AIM OF THE TASK>
In the listing below, identify each line with the word "Round" and return those lines.

INFORMATION SUPPLIED>
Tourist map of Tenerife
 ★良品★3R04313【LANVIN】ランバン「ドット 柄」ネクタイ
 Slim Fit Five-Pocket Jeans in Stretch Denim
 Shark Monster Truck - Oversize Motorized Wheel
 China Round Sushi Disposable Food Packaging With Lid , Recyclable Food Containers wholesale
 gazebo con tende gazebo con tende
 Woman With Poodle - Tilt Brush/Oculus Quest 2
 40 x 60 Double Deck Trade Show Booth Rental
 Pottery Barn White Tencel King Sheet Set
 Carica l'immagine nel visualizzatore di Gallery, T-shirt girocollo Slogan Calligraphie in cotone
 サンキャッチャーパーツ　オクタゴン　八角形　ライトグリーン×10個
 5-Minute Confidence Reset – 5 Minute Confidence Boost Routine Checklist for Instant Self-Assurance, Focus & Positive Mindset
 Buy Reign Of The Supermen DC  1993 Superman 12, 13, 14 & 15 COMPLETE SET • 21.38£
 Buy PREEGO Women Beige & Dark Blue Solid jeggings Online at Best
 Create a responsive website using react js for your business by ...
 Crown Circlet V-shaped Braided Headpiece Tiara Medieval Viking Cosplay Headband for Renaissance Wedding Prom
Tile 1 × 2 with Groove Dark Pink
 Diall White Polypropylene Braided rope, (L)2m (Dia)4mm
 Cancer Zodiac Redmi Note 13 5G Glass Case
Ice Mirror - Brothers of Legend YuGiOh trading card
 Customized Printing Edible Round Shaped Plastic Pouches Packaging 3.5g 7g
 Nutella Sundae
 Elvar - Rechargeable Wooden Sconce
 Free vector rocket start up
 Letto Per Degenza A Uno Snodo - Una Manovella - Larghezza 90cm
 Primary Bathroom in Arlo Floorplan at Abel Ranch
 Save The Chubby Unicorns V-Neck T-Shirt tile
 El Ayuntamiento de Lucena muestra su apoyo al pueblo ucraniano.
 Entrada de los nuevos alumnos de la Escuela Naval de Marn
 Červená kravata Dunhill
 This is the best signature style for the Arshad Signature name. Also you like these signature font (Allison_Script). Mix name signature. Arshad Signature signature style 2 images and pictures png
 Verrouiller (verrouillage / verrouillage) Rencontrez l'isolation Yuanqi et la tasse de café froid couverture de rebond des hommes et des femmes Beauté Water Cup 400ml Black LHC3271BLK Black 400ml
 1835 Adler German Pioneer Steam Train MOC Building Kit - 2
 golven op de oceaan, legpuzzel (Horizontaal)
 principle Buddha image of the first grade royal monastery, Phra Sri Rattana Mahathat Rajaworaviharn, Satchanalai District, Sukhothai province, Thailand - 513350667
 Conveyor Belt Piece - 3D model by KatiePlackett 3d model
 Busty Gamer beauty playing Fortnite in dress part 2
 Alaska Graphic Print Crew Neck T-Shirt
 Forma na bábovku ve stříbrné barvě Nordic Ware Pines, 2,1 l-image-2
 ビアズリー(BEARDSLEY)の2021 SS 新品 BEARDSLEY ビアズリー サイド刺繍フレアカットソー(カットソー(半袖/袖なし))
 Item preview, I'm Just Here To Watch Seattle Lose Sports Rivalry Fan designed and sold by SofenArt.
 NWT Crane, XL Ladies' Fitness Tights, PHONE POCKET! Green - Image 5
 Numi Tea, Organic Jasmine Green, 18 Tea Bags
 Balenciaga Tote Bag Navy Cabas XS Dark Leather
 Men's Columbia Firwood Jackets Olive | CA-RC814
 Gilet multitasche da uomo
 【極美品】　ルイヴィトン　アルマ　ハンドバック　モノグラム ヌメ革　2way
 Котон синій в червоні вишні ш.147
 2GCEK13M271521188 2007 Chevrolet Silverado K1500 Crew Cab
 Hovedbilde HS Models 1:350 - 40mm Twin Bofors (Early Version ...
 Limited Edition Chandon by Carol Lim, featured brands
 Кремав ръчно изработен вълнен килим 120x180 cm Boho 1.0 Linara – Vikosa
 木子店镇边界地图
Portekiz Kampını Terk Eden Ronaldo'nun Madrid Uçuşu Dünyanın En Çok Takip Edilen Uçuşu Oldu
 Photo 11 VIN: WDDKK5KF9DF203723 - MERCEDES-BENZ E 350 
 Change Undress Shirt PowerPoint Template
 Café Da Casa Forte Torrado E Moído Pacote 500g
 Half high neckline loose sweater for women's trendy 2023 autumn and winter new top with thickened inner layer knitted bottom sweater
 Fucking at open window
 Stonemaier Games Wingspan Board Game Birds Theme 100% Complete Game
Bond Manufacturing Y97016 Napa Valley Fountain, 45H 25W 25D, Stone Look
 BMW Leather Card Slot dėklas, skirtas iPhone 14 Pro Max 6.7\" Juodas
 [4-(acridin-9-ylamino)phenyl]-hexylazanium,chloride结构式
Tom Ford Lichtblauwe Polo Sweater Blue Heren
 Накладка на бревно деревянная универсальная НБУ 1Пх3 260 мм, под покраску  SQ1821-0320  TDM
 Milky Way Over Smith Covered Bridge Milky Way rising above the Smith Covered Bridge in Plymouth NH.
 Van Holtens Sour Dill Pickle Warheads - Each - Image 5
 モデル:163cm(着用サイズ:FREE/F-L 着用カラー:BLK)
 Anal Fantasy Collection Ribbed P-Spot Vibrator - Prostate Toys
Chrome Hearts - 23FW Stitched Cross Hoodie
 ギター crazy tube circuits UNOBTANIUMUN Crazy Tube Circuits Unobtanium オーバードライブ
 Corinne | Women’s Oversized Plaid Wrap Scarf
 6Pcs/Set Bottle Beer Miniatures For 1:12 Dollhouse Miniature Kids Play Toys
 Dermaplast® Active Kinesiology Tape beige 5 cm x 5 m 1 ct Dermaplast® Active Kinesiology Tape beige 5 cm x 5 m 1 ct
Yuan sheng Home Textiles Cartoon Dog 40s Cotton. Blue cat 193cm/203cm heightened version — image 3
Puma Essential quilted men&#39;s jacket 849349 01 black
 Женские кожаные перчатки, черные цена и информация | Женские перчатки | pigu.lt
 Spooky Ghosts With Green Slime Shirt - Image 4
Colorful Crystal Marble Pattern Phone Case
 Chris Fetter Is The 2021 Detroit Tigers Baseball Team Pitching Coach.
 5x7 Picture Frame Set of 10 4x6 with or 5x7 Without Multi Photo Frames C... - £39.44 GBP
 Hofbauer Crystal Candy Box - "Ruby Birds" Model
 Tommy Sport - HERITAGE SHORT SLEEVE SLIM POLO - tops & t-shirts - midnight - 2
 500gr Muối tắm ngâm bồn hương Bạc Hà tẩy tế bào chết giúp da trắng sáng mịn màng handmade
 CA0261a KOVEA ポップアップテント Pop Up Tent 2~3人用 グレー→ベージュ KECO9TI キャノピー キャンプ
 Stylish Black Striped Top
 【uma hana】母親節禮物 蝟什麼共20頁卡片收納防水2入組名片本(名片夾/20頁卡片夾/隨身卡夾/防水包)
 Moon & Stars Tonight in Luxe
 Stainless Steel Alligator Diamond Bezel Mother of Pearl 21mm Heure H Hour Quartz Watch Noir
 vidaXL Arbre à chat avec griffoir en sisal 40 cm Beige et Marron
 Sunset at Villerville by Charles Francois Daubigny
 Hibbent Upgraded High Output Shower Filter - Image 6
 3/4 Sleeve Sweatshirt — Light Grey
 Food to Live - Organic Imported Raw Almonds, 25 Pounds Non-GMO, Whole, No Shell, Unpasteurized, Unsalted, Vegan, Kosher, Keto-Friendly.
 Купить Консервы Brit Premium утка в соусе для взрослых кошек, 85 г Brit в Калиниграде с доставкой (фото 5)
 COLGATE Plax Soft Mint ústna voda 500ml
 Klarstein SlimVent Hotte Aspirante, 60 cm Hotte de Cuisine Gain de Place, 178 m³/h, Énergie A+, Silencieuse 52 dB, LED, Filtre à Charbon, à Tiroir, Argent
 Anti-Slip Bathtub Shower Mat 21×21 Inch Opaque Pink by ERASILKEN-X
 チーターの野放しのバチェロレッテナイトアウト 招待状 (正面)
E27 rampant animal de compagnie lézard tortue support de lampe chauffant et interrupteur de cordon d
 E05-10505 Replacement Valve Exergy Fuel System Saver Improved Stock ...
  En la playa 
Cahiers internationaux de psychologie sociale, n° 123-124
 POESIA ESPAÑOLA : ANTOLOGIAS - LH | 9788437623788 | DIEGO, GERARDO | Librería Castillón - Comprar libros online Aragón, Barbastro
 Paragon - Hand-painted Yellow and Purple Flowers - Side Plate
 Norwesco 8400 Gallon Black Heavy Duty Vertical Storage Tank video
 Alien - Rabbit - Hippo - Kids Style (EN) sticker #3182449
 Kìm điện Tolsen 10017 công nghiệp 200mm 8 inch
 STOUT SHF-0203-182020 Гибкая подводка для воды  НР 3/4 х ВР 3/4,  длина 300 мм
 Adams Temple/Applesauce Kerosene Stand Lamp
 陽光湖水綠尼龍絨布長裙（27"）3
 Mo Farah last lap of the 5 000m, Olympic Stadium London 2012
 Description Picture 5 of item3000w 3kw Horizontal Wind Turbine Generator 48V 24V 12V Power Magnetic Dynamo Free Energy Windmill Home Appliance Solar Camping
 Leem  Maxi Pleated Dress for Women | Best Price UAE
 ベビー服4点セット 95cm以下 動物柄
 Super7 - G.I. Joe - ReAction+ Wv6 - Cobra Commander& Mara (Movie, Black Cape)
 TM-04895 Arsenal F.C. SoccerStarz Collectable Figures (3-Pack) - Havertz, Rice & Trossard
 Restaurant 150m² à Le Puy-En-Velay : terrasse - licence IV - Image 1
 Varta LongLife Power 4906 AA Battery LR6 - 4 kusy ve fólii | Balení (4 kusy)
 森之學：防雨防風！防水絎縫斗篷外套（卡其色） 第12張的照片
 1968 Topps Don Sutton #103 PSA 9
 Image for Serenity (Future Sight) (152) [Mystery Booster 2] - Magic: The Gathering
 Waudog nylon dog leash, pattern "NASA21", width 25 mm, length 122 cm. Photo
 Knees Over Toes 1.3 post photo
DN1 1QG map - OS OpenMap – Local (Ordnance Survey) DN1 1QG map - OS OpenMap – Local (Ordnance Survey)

ANSWER TO THIS EXERCISE>
 China Round Sushi Disposable Food Packaging With Lid , Recyclable Food Containers wholesale
 Customized Printing Edible Round Shaped Plastic Pouches Packaging 3.5g 7g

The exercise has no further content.